EXERCISE AIM: Omit all pictures, then retype exactly the lines from the one that contains "3:51 L B ezto.mheducation.com" through the end of the listing.

DATA TO EXAMINE:
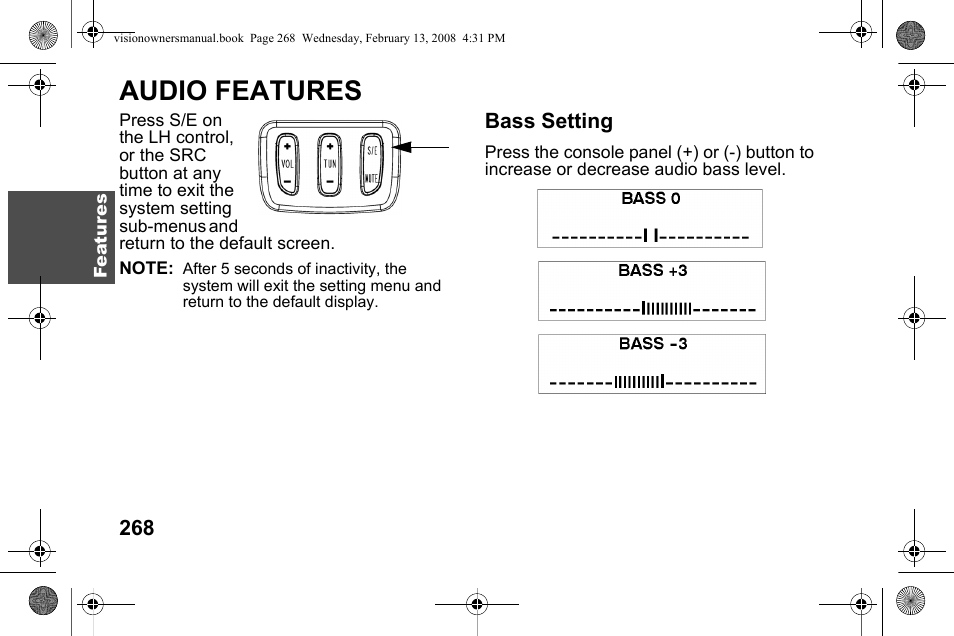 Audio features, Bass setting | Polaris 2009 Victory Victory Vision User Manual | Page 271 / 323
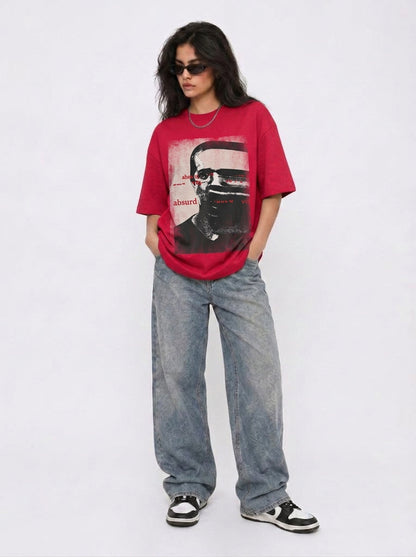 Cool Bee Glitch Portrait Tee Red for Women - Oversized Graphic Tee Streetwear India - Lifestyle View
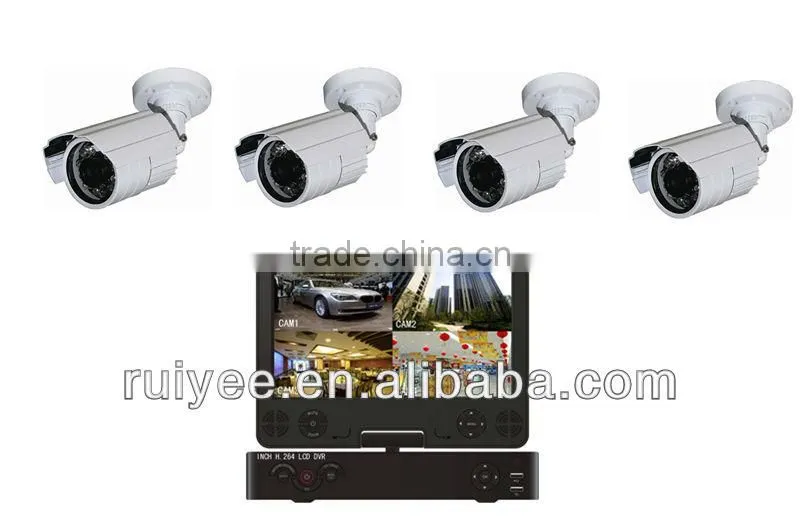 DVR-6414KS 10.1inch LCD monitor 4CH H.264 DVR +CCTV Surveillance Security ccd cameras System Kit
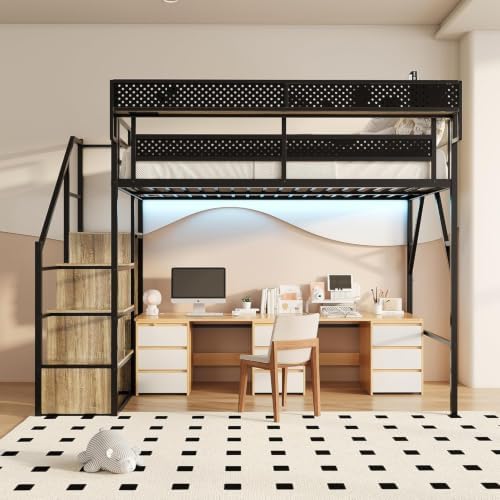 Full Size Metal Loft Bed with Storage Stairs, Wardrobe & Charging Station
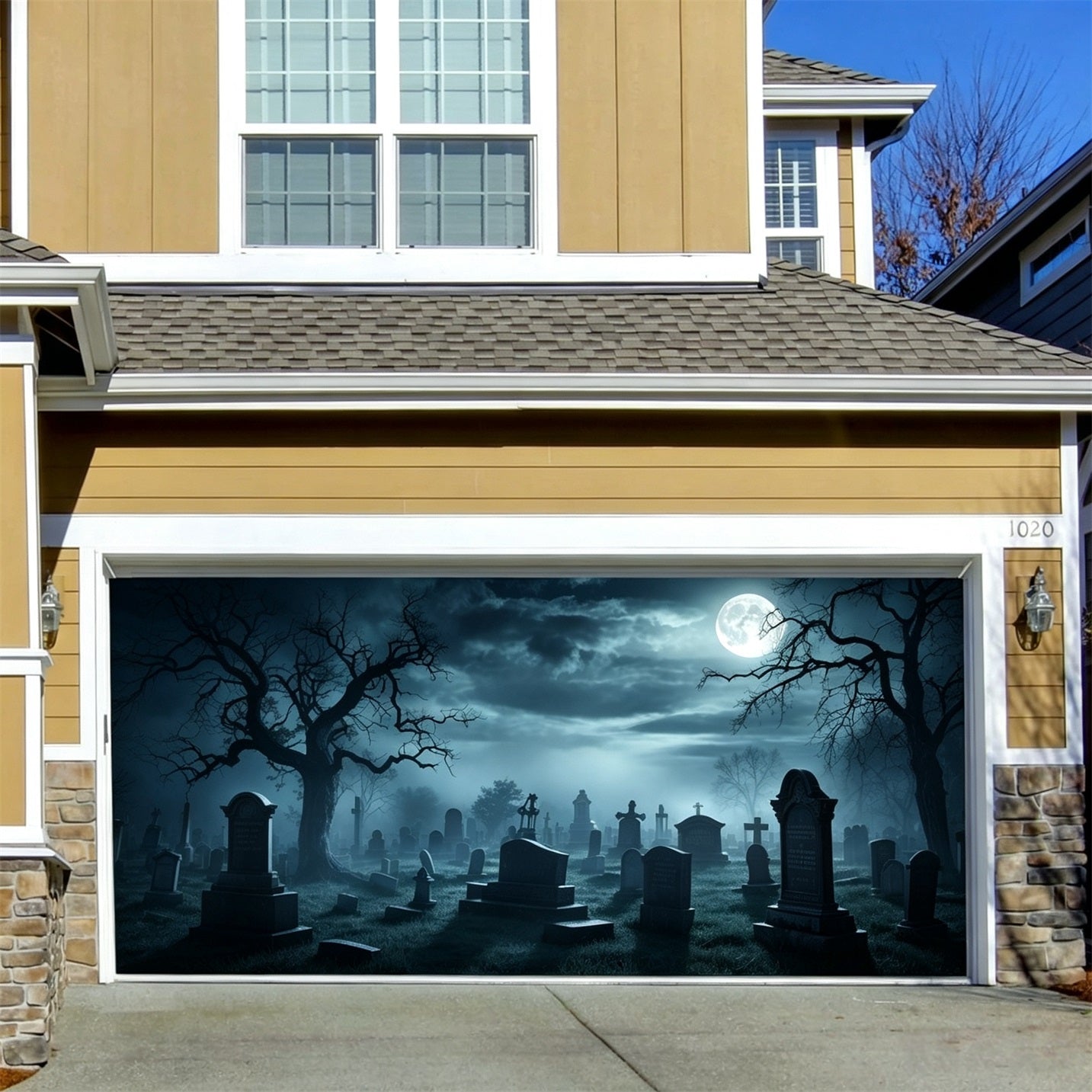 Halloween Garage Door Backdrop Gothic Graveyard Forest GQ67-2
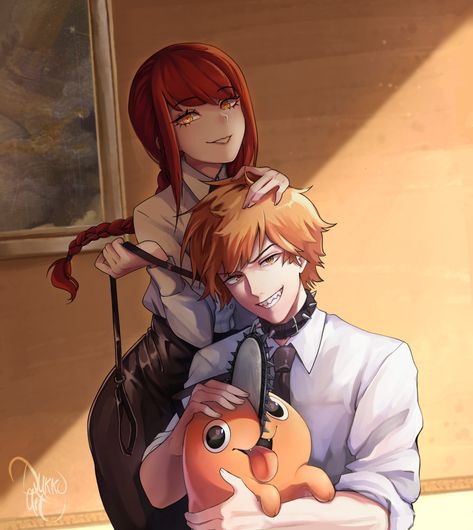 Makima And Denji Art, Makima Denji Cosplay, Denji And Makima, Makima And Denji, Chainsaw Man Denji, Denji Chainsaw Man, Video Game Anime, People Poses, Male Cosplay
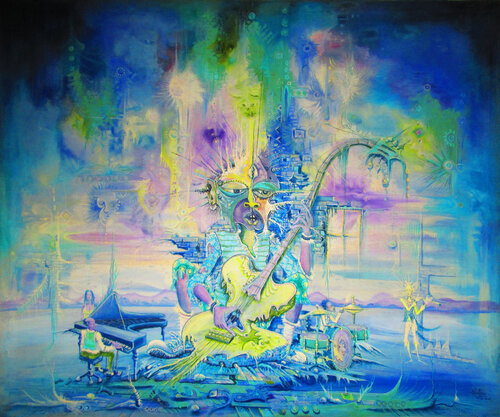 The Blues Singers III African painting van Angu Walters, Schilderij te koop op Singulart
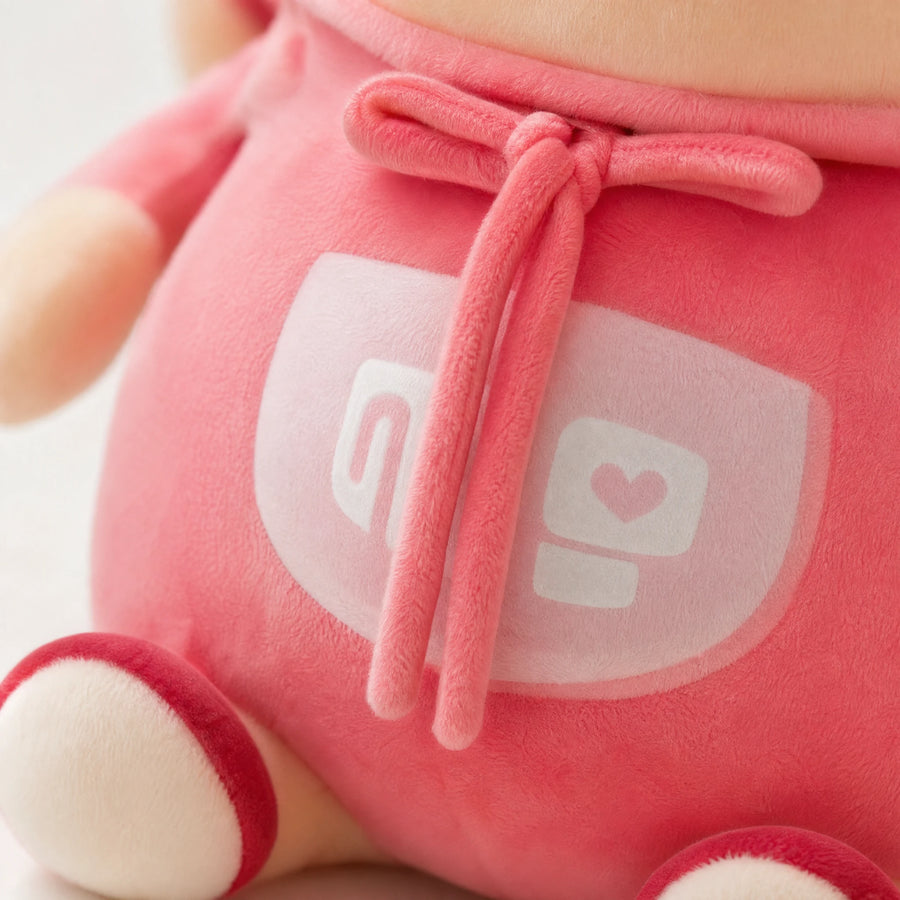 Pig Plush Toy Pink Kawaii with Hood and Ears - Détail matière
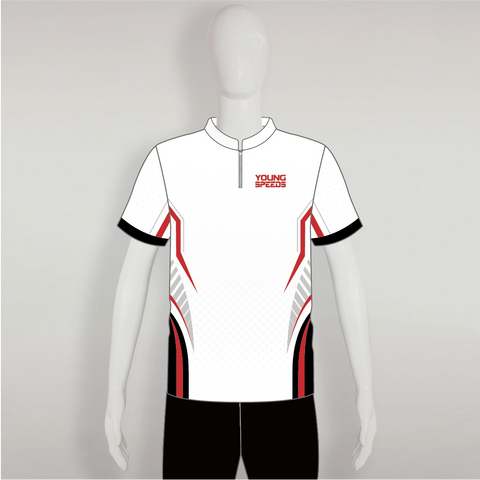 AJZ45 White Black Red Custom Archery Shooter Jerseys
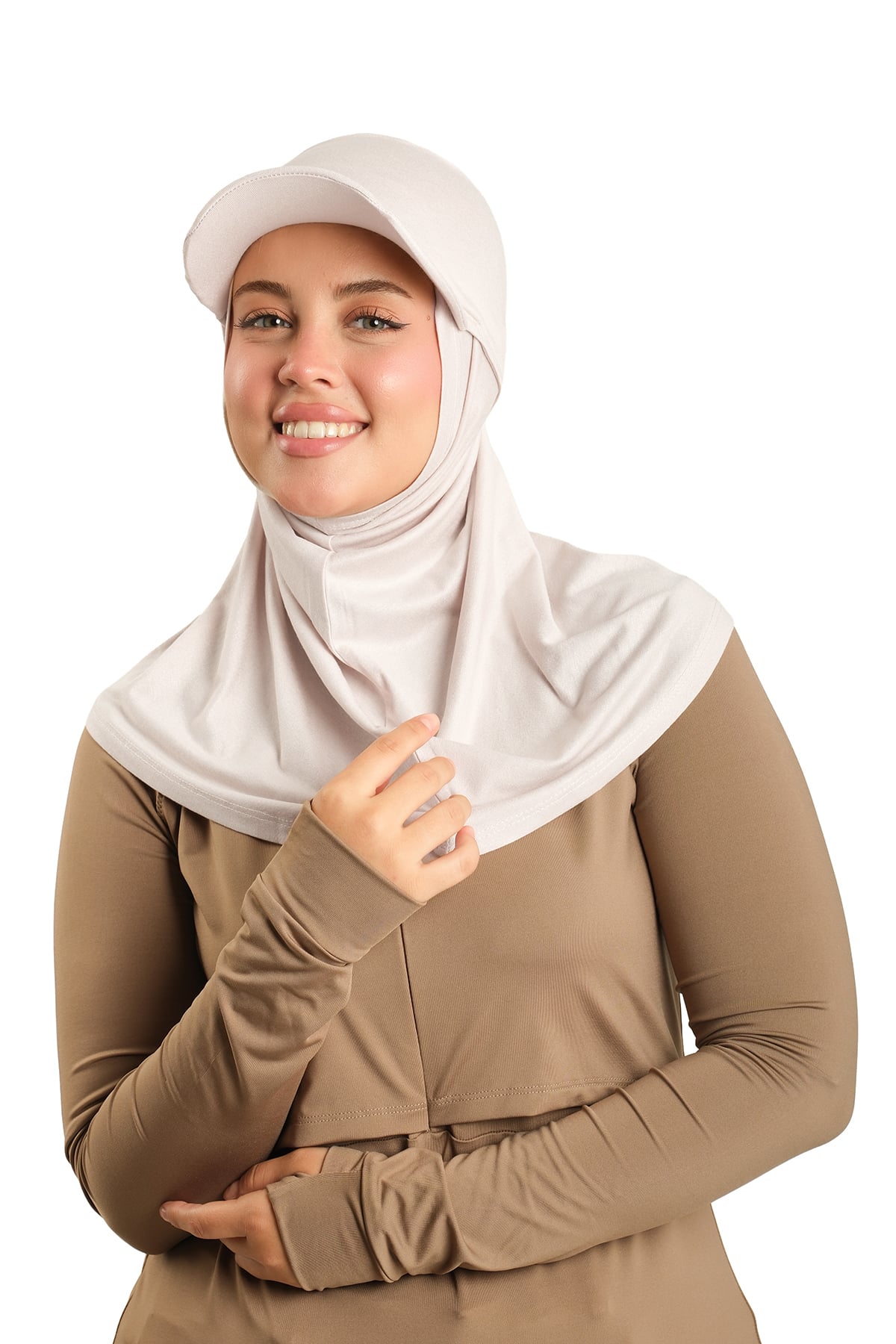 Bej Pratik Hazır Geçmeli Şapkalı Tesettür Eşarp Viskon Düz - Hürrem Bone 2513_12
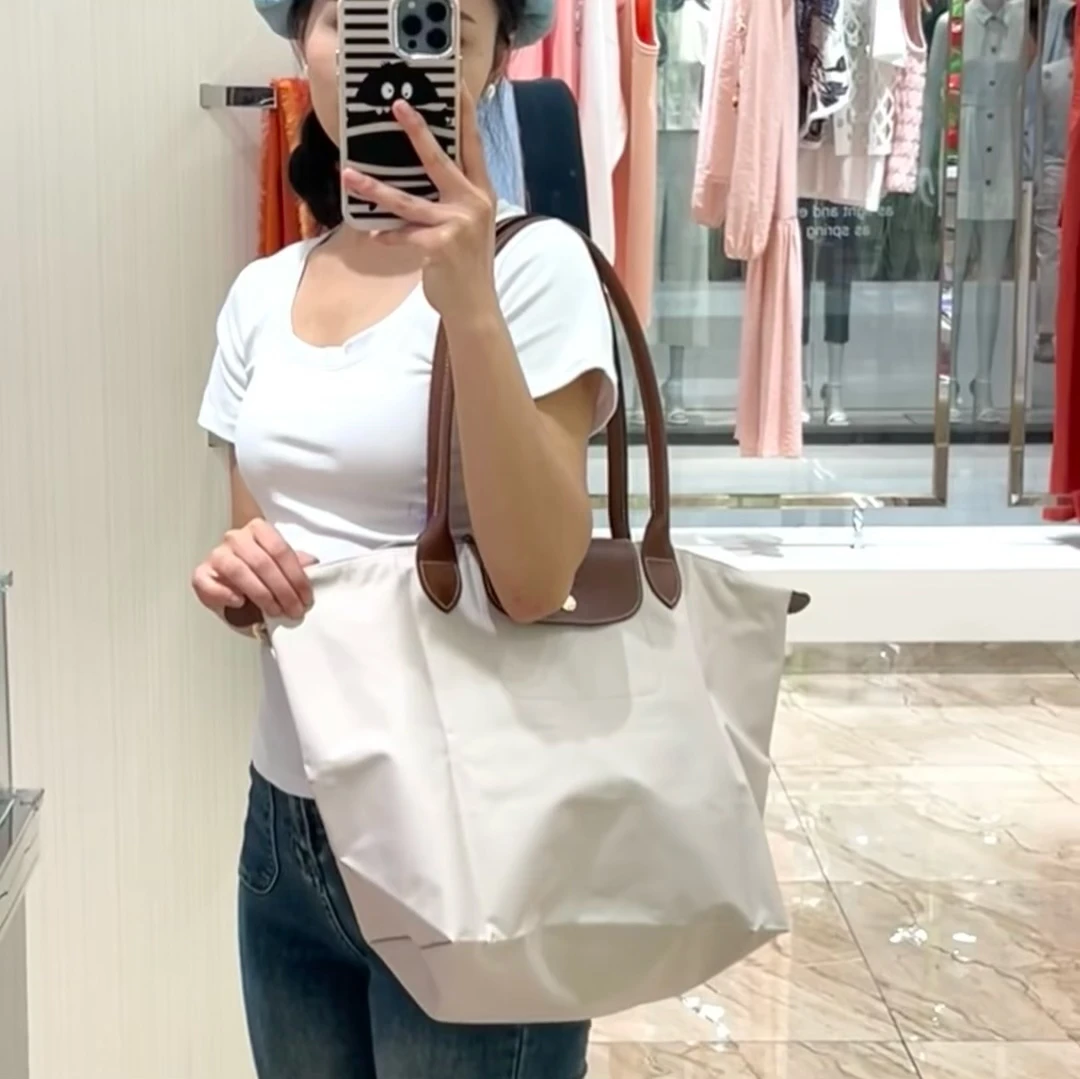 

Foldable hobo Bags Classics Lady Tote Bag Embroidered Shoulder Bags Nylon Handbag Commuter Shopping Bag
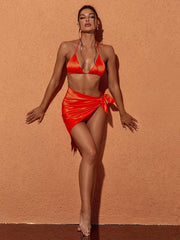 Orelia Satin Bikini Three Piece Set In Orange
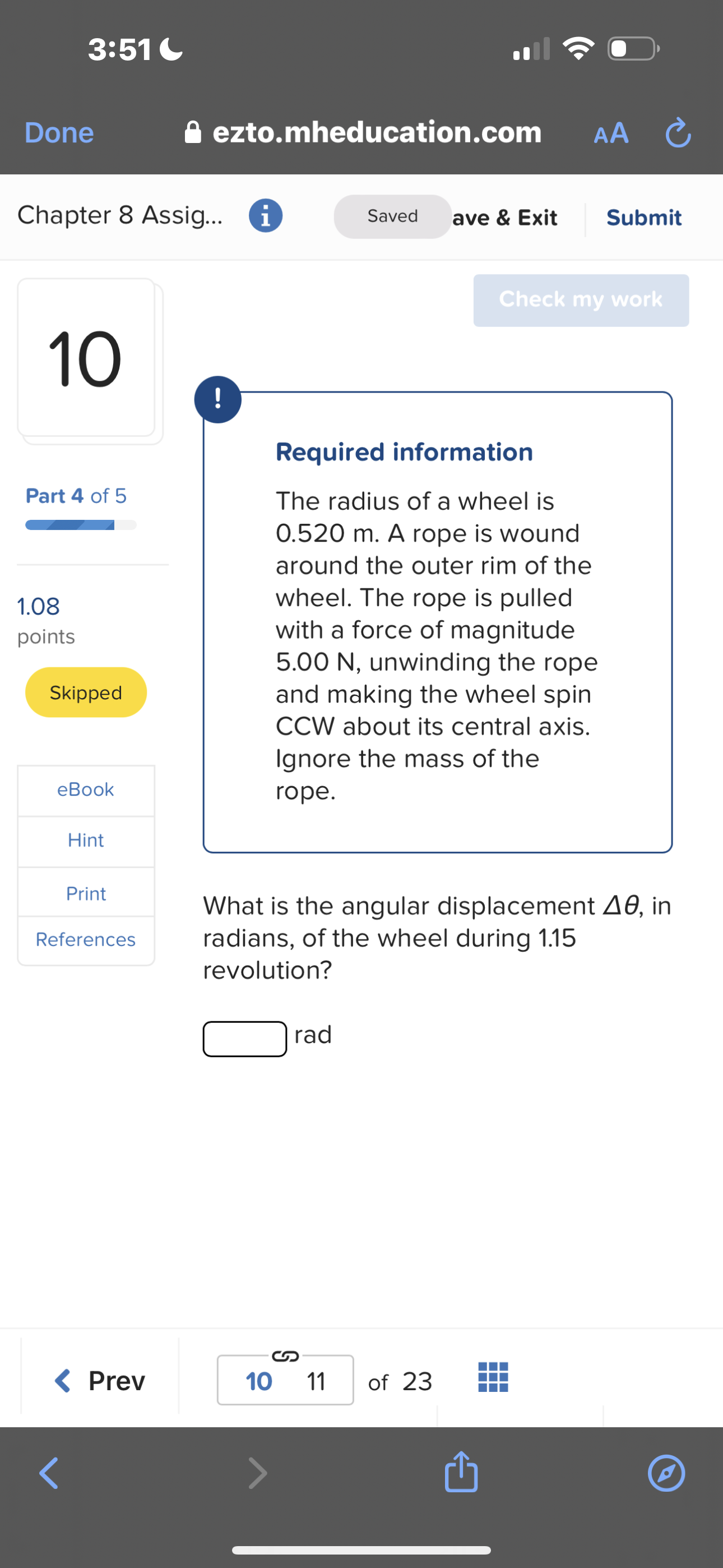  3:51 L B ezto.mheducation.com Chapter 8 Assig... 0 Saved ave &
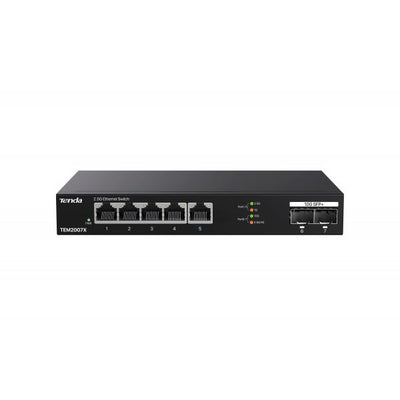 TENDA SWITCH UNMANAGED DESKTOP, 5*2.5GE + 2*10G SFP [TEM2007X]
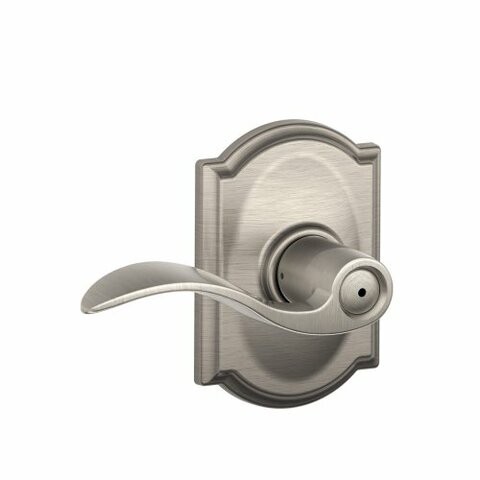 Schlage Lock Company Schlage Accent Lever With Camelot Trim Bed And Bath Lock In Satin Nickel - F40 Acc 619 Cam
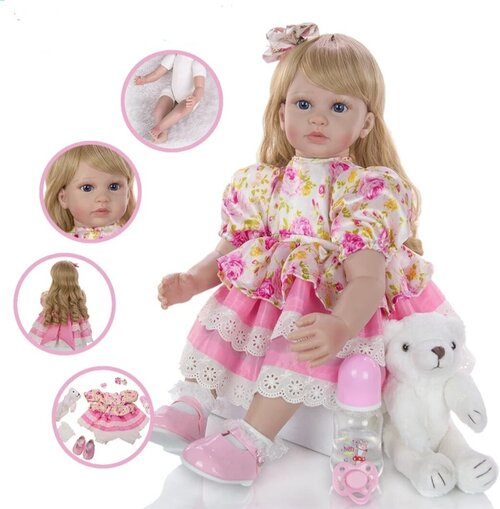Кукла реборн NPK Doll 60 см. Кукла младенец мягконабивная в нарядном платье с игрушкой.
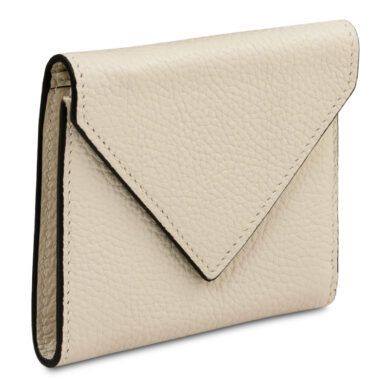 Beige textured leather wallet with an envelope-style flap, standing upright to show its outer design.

TASK RESPONSE:
  3:51 L B ezto.mheducation.com Chapter 8 Assig... 0 Saved ave &
 TENDA SWITCH UNMANAGED DESKTOP, 5*2.5GE + 2*10G SFP [TEM2007X]
 Schlage Lock Company Schlage Accent Lever With Camelot Trim Bed And Bath Lock In Satin Nickel - F40 Acc 619 Cam
Кукла реборн NPK Doll 60 см. Кукла младенец мягконабивная в нарядном платье с игрушкой.
 Beige textured leather wallet with an envelope-style flap, standing upright to show its outer design.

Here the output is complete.